I watch it all with growing horror. Each attempt, each failure, building a wall of helplessness that threatens to bury us all.

But my mind is already moving past the immediate crisis, cataloging what Phil doesn’t know:

He crossed onto sanctuary ground minutes ago. Stepped right over the boundary like it was meaningless.

The Ether around Bree isn’t just convulsing—it’s reaching. Stretching toward something beneath our feet.

The sanctuary itself is stirring. Not just the building, but the land. The stones in the walls hum with energy I’ve never felt before.

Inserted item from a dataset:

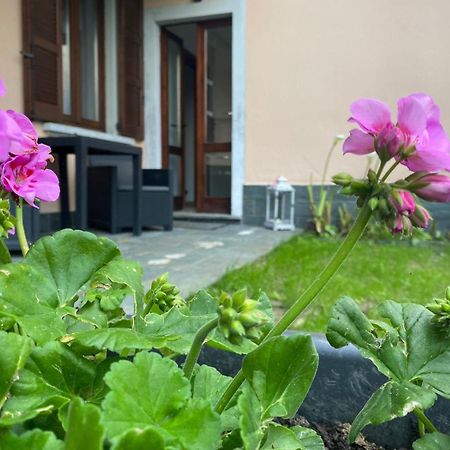 Peonia Apartment - Appartamento Vista Lago 勒泽诺 外观 照片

The trees in the garden lean inward like they’re listening.

Phil thinks he’s won because he overpowered us individually.

But he doesn’t understand what he’s really facing.

Seth’s grip tightens on Bree’s arms, and she looks up at him with such devastation that something breaks in my chest. The betrayal is written across her face in stark, brutal lines.

But underneath the hurt, I see something else.

The same thing I felt when she touched the crown in the attic bedroom. When the voice called her queen and power flooded through her like recognition.

She’s not just standing on sanctuary ground.

She’s standing on land that belongs to her.

And it’s starting to remember.

The air tastes metallic, like a storm breaking. The soil itself hums under my boots with barely contained power.

Our eyes meet across the space between us. Hers are bright with unshed tears and dark with fury. But there’s something deeper there too. Something that makes the air around us thrum with possibility.

He stepped onto your domain, I repeat, and somehow I think she hears it. Now show him what that means.